Task brief |
Would you retype the whole listing verbatim, keeping pictures out of it?

─── Dataset section

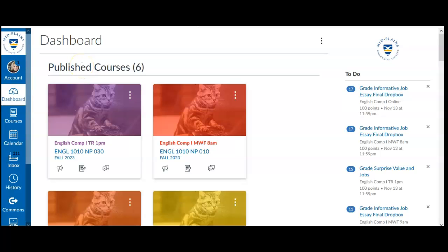Okay, in this video I'm going to show you how to change the color on your course tiles here on your Canvas homepage.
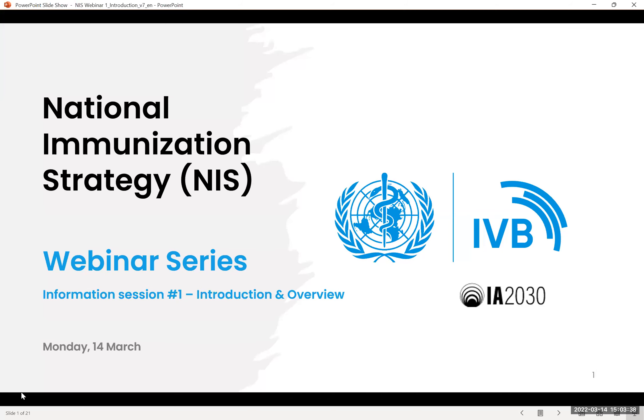Good morning, good afternoon, good evening, wherever you are, and welcome to this introduction to the National Immunization Strategy, IA2030 NIS, webinar session with WHO and UNICEF. Thank you for joining us today.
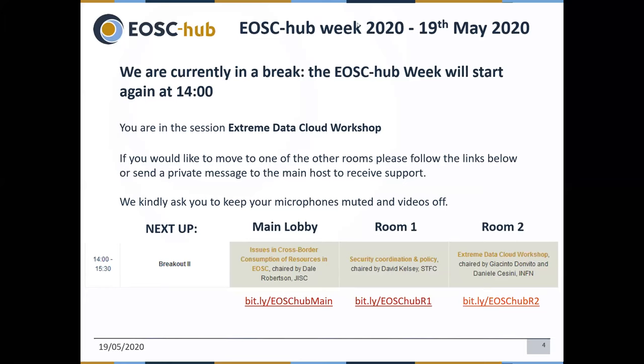Welcome to this workshop and the session about the achievements of the XDC project. Let me thank the organizers of this event for hosting us and this one-and-a-half hour session, in which we will try to present some of the achievements of the project. The chair of the session will be Jacinto Donvito, the technical coordinator of the Xtreme Data Cloud project. I would like to leave the floor to Jacinto for a short introduction about the presentation of the session and of the speakers.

──────

Exercise answer |
Okay, in this video I'm going to show you how to change the color on your course tiles here on your Canvas homepage.
Good morning, good afternoon, good evening, wherever you are, and welcome to this introduction to the National Immunization Strategy, IA2030 NIS, webinar session with WHO and UNICEF. Thank you for joining us today.
Welcome to this workshop and the session about the achievements of the XDC project. Let me thank the organizers of this event for hosting us and this one-and-a-half hour session, in which we will try to present some of the achievements of the project. The chair of the session will be Jacinto Donvito, the technical coordinator of the Xtreme Data Cloud project. I would like to leave the floor to Jacinto for a short introduction about the presentation of the session and of the speakers.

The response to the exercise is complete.